Task goal →
The entries below are to be repeated exactly, and their pictures left out.

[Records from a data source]
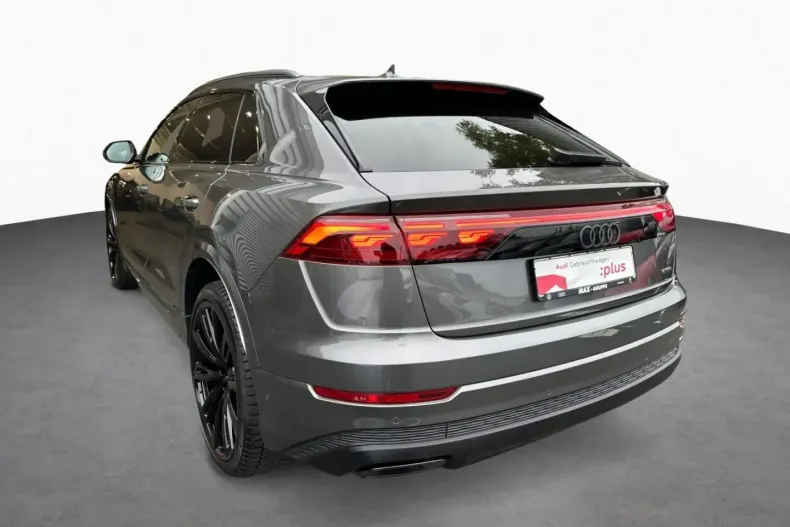 Audi Q8 din 2025 cu 23.750 km - oferta AUD164017 - foto 5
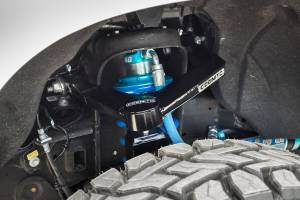 Cognito Motorsports - 510-P0955 | Cognito 6-Inch Elite Lift Kit with King 2.5 Remote Reservoir Shocks (2019-2024 Silverado/Sierra 1500 2WD/4WD Including AT4 and Trail Boss) - Image 5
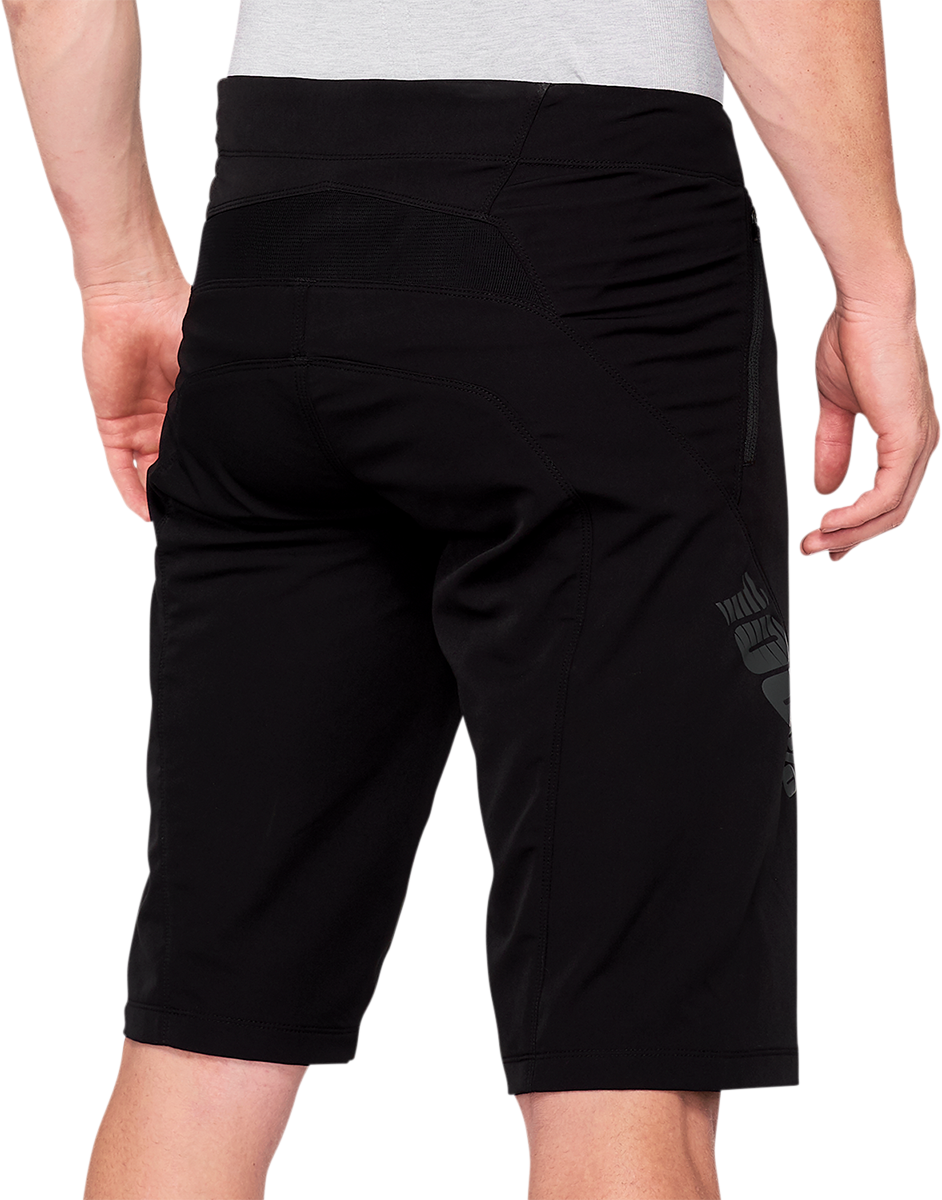 Airmatic Shorts - Black - US 28 - Lutzka's Garage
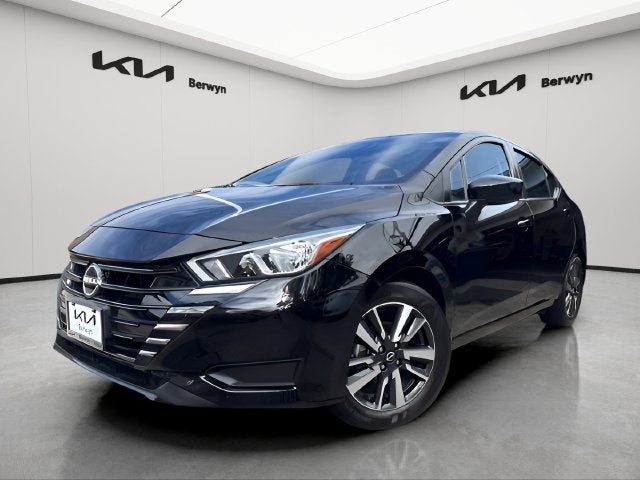 2024 Nissan Versa Sedan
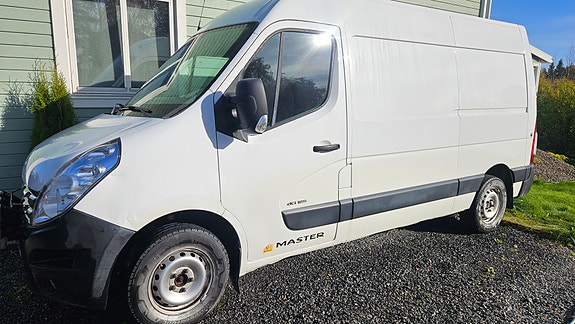 Renault Master 2 of 4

Response →
 Audi Q8 din 2025 cu 23.750 km - oferta AUD164017 - foto 5
 Cognito Motorsports - 510-P0955 | Cognito 6-Inch Elite Lift Kit with King 2.5 Remote Reservoir Shocks (2019-2024 Silverado/Sierra 1500 2WD/4WD Including AT4 and Trail Boss) - Image 5
 Airmatic Shorts - Black - US 28 - Lutzka's Garage
 2024 Nissan Versa Sedan
 Renault Master 2 of 4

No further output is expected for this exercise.